Job Half Done in Libya

Back in March I wrote about the rebellion in Libya and the need for The West to take action. It’s time to do it again. This will not, however, simply be a repetition of what I said back then because, since March, western democracies, in particular European ones have been heavily involved in Libya, supporting the rebellion and helping to overthrow Gaddafi. In short, doing exactly what I, and many others, called for.

I regret that I’ve not mentioned the war at all in this blog since March, but there hasn’t been a lot worthy of comment: The West has actually done a pretty good job of using the right amount of military presence and generally leaving most of the fighting to the rebels. NATO has been very careful to keep its involvement to ‘protecting civilians’ and taking out important strategic sites through air strikes, rather than helping the rebels on the ground. Likewise other European nations have helped the rebels indirectly, but have not put troop on the ground.

The reason I’m comment on this conflict now is that the rebels took Tripoli, the capital of Libya, last week, a significant step towards winning the civil war. Gaddafi has been ousted from power and the war is largely over. While Gaddafi still has some support and the ability to strike back against the rebels, he can only really delay defeat. Only his capture remains as a significant milestone in the path to victory.

So it is time for The West to step in. Not in order to help capture Gaddafi, although that would not go amiss, but to help stabilise the country in the face of the regime change, to aid in the rebuilding of the country’s infrastructure and to ensure that a free and fair election follows the defeat of Gaddafi’s forces.

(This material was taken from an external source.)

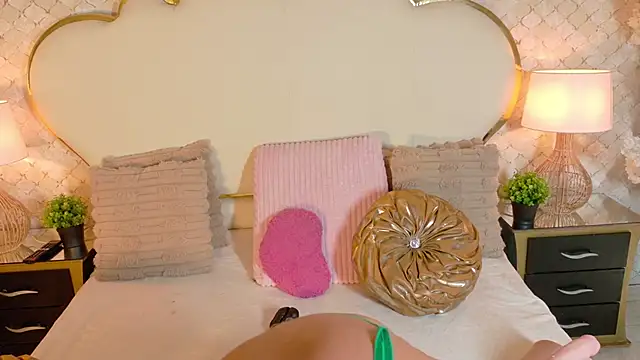 Snapshot of MayraVegas chatting on February 25, 2026, 2:05 pm MayraVegas online show from February 25, 2026, 2:05 pm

War inevitably disrupts the infrastructure of a country, from disruption to the power supply to the destruction of roads and other means of transport. Rebuilding those link is really important to rebuilding Libya; there are already deep divisions between east and west (the rebellion started in the west and most of the pro-Gaddafi forces were based in the east) and if communications and transport between east and west are disrupted, that division will continue to grow. In order to establish political unity in a country already split by civil war, good infrastructure needs to be established.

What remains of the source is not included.